BEGIN Extracted entries

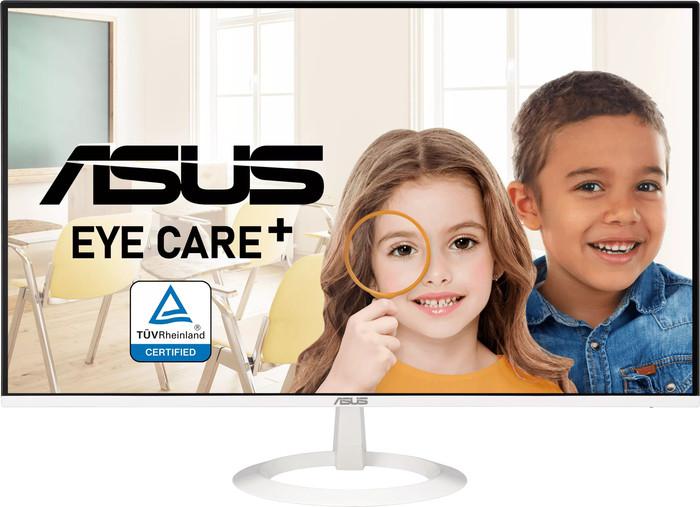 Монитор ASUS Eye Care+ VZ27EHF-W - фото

END Extracted entries
BEGIN Extracted entries

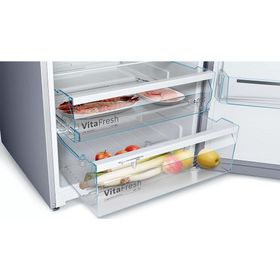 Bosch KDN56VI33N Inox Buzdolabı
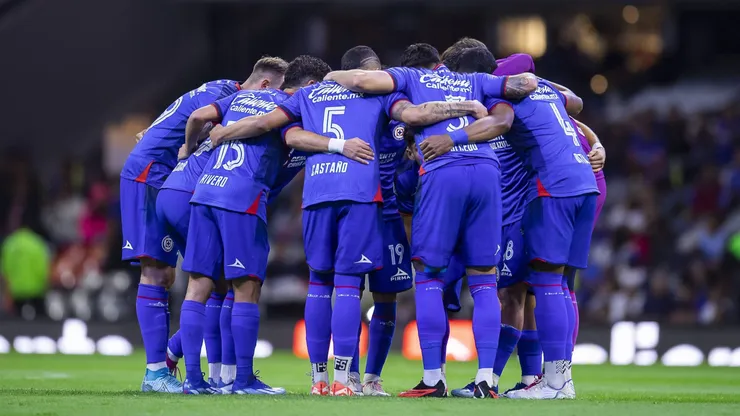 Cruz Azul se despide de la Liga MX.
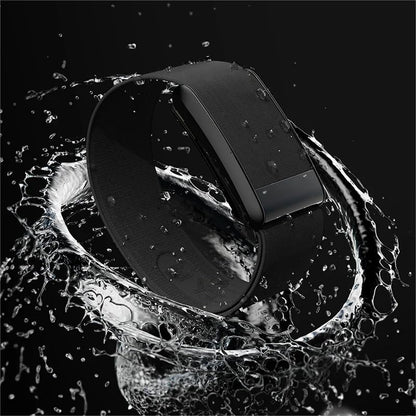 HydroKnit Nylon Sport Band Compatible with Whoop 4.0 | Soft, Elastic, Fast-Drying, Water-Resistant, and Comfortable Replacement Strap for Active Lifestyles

END Extracted entries

What this task involves → Copy exactly the material above from the line with "Cruz Azul se despide de la Liga MX." to the line with "HydroKnit Nylon Sport", ends included, and nothing else. Leave out any picture.

Response to the task →
 Cruz Azul se despide de la Liga MX.
 HydroKnit Nylon Sport Band Compatible with Whoop 4.0 | Soft, Elastic, Fast-Drying, Water-Resistant, and Comfortable Replacement Strap for Active Lifestyles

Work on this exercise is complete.